My early indoctrination seems to have stuck - I can't wait until the fruit appears, shiny and heavy for it's size, with most of the dimples filled out from the juicy goodness within. Oranges, tangerines, grapefruits, tangelos, not to mention my favorite lemons - I can't think of a better way to start a day, spark up a salad or complement a dinner.

No fear of scurvy in my current household, either, thanks to my early training and the juicy season of citrus!

Saturday, December 1, 2007

Thanksgiving spuds

My friend Wenirs and I have a long history; not only have she and I been friends all our lives, our parents were great pals as well. Our families visited frequently, they coming to us when we lived somewhere interesting and we spending summers with them in Michigan when the Navy parked us in less glamorous places. When I moved as a young bride to Western New York, happily, that was just a six-hour drive across friendly Ontario to get to Wenirs' house.

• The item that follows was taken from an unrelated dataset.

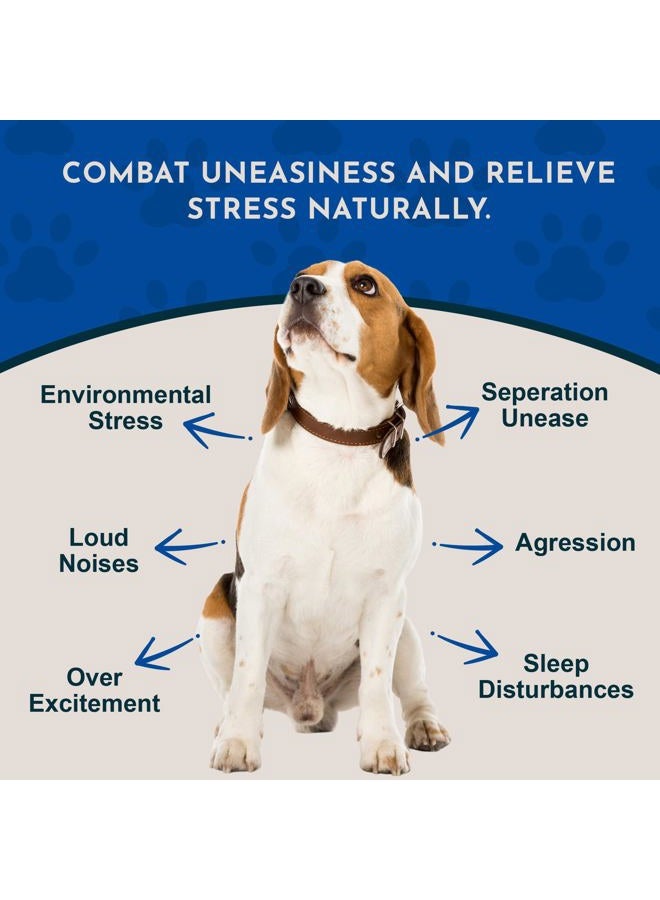 Animal Essentials Inc Tranquility Blend Liquid for Dogs & Cats, 2 Oz - Image 2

She's my rock when I need one and we laugh at the same goofy things;
I'm her children's Fairy Godmother.

We have shared many Thanksgivings starting even before the children, who are now young adults, came along. Each year I'd drive west or she'd drive east on Thanksgiving day when the traffic was lighter, so our tradition has always been to eat our Thanksgiving dinner the next day, feeling as we do that Thanksgiving is not a specific date in late November but rather the time when one's favorite people can gather.

Our visits have been less frequent since I moved to California so, when her children and I hatched a plan to surprise her and her delightful husband at Thanksgiving, I knew it would be a joyous surprise. My Fairy Godson flew in from LA, My Beloved and I landed soon after from SF, and My Fairy Goddaughter swooped by to pick us all up and deliver us. The surprise was total - we even got tears as well as hugs and "I can't believe its."

This year, she cooked the bird on Sunday and I made the mashed potatoes. Simple is best with family dinners, so all I did was boil the red potato halves until tender and, leaving the skins on, mashed them with lashings of butter, half and half and pepper. We cooked more potatoes than we really should have eaten and still I had to call a halt to photograph the last spoonful before it disappeared.

My only quandary now is how to top the Surprise Thanksgiving - and whether or not to make more of these delicious spuds for dinner again this evening!.